━━━━━ Data excerpts ━━━━━

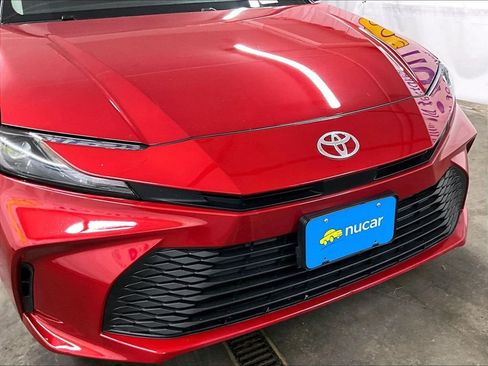 Used 2025 Toyota Camry LE FWD image 31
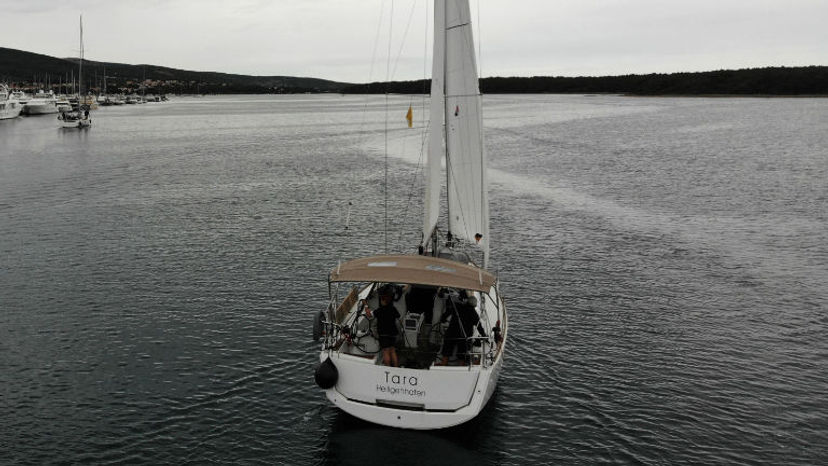 Jeanneau 38 Tara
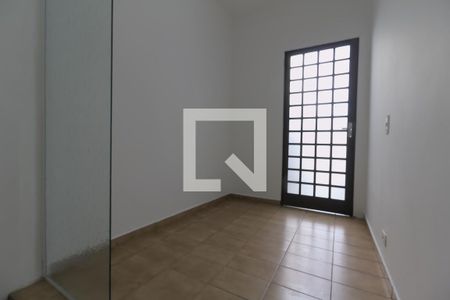 Casa à venda com 300m², 4 quartos e 2 vagas Casa à venda com 300m², 4 quartos e 2 vagasBanheiro de Serviço
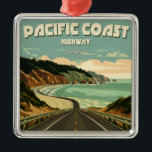 Pacific Coast Highway Vista Metalen Ornament<br><div class="desc">Pacific Coast Highway,  ook wel bekend als California Route 1 of de PCH is een van de meest verbazingwekkend schilderachtig wegen in de wereld,  bedoeld om langzaam te worden doorkruist,  terwijl ze hijgen naar de bergen,  torenhoge bomen,  uitgestrekte stranden en eindeloze hemel.</div>
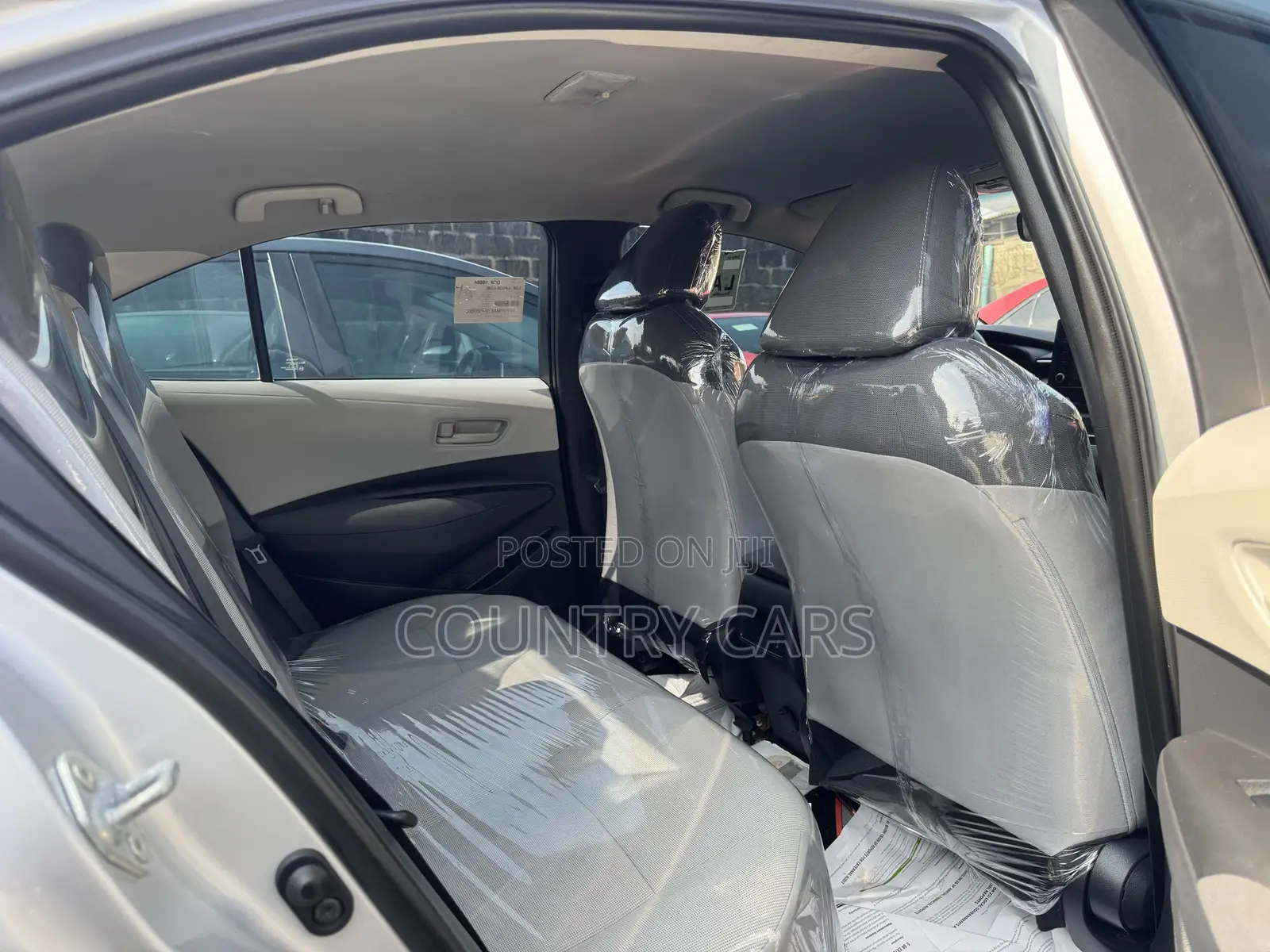 Toyota Corolla LE 2022 Silver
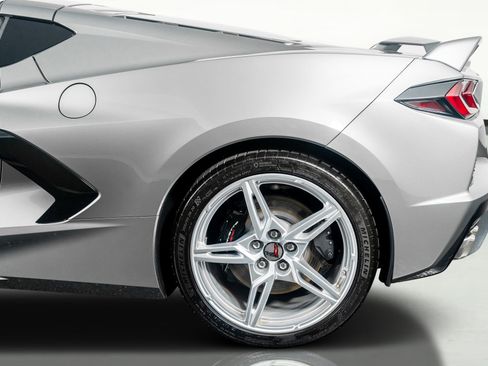 Used 2023 Chevrolet Corvette Stingray Coupe w/ Z51 Performance Package image 17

━━━━━

| Task statement |
Could you repeat all of the material exactly? Pictures should not be copied.

| Output for this task |
 Used 2025 Toyota Camry LE FWD image 31
 Jeanneau 38 Tara
 Casa à venda com 300m², 4 quartos e 2 vagas Casa à venda com 300m², 4 quartos e 2 vagasBanheiro de Serviço
 Pacific Coast Highway Vista Metalen Ornament<br><div class="desc">Pacific Coast Highway,  ook wel bekend als California Route 1 of de PCH is een van de meest verbazingwekkend schilderachtig wegen in de wereld,  bedoeld om langzaam te worden doorkruist,  terwijl ze hijgen naar de bergen,  torenhoge bomen,  uitgestrekte stranden en eindeloze hemel.</div>
 Toyota Corolla LE 2022 Silver
 Used 2023 Chevrolet Corvette Stingray Coupe w/ Z51 Performance Package image 17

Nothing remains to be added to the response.